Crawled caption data
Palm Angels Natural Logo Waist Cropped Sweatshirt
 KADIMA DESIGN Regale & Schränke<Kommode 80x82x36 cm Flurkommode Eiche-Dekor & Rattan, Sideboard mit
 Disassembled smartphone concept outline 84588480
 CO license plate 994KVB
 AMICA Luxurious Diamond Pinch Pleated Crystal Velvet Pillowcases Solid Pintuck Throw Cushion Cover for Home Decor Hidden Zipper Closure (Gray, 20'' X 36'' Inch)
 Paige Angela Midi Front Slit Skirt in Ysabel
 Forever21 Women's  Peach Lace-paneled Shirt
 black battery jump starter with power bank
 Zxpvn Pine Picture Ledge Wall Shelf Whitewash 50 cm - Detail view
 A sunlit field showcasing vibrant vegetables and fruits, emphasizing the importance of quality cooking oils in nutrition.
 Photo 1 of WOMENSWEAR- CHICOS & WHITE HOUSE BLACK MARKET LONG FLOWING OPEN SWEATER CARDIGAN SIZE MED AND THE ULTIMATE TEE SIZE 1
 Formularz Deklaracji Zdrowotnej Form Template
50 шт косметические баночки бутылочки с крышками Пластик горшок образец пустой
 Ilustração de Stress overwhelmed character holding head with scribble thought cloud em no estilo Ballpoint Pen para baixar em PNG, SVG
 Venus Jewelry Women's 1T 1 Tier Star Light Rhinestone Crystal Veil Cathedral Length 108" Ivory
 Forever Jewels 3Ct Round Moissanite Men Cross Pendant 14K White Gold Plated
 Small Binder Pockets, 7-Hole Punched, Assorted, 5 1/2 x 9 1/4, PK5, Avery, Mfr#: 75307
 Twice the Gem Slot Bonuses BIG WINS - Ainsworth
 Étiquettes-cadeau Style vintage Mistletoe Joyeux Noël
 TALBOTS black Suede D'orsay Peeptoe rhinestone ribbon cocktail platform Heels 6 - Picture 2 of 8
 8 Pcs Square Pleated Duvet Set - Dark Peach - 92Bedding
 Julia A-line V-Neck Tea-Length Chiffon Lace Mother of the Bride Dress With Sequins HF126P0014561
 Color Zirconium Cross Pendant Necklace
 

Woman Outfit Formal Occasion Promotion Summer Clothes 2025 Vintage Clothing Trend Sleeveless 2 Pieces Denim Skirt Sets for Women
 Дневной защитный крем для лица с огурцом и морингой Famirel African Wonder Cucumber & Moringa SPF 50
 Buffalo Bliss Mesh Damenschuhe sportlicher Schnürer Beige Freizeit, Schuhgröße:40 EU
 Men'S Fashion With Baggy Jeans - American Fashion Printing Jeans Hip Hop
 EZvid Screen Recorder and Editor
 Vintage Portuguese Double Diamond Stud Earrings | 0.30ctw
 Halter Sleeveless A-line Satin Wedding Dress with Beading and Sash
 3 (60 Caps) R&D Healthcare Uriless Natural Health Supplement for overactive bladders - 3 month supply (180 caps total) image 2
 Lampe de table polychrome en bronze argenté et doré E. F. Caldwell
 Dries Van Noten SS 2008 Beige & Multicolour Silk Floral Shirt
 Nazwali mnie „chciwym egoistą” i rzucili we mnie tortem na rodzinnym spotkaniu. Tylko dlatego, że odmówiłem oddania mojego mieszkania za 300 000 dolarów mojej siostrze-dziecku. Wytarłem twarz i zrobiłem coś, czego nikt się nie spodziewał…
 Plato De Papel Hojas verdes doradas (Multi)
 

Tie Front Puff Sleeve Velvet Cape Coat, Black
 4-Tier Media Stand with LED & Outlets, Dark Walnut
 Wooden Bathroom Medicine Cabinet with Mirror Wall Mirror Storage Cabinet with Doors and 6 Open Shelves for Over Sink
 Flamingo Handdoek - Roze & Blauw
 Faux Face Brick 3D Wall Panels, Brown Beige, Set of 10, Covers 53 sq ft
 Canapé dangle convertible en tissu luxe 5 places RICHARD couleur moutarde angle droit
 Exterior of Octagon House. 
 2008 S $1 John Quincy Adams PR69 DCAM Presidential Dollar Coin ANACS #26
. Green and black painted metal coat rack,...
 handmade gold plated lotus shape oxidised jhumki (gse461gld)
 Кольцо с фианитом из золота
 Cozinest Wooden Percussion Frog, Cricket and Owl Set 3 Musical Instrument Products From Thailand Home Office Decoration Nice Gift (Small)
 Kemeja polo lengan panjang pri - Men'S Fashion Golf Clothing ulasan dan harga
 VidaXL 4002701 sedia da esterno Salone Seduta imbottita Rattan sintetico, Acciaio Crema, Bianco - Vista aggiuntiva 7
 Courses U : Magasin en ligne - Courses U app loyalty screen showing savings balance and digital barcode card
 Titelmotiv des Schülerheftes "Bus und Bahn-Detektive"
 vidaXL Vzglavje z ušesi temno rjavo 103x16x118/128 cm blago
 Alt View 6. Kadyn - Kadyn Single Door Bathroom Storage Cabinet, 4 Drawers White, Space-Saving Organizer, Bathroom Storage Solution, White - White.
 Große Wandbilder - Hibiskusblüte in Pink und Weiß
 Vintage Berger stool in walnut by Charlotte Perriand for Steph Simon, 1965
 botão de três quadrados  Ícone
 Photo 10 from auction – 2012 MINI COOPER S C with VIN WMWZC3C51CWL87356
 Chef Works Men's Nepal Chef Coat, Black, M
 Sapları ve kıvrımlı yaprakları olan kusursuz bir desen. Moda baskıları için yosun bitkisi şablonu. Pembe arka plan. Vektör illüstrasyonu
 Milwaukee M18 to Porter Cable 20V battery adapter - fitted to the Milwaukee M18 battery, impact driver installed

# AIM OF THE TASK:
Using the records above, copy word for word the line with "Peach Lace-paneled Shirt", the line with "Woman Outfit Formal", and every line between them.

# TASK RESULT:
 Forever21 Women's  Peach Lace-paneled Shirt
 black battery jump starter with power bank
 Zxpvn Pine Picture Ledge Wall Shelf Whitewash 50 cm - Detail view
 A sunlit field showcasing vibrant vegetables and fruits, emphasizing the importance of quality cooking oils in nutrition.
 Photo 1 of WOMENSWEAR- CHICOS & WHITE HOUSE BLACK MARKET LONG FLOWING OPEN SWEATER CARDIGAN SIZE MED AND THE ULTIMATE TEE SIZE 1
 Formularz Deklaracji Zdrowotnej Form Template
50 шт косметические баночки бутылочки с крышками Пластик горшок образец пустой
 Ilustração de Stress overwhelmed character holding head with scribble thought cloud em no estilo Ballpoint Pen para baixar em PNG, SVG
 Venus Jewelry Women's 1T 1 Tier Star Light Rhinestone Crystal Veil Cathedral Length 108" Ivory
 Forever Jewels 3Ct Round Moissanite Men Cross Pendant 14K White Gold Plated
 Small Binder Pockets, 7-Hole Punched, Assorted, 5 1/2 x 9 1/4, PK5, Avery, Mfr#: 75307
 Twice the Gem Slot Bonuses BIG WINS - Ainsworth
 Étiquettes-cadeau Style vintage Mistletoe Joyeux Noël
 TALBOTS black Suede D'orsay Peeptoe rhinestone ribbon cocktail platform Heels 6 - Picture 2 of 8
 8 Pcs Square Pleated Duvet Set - Dark Peach - 92Bedding
 Julia A-line V-Neck Tea-Length Chiffon Lace Mother of the Bride Dress With Sequins HF126P0014561
 Color Zirconium Cross Pendant Necklace
 

Woman Outfit Formal Occasion Promotion Summer Clothes 2025 Vintage Clothing Trend Sleeveless 2 Pieces Denim Skirt Sets for Women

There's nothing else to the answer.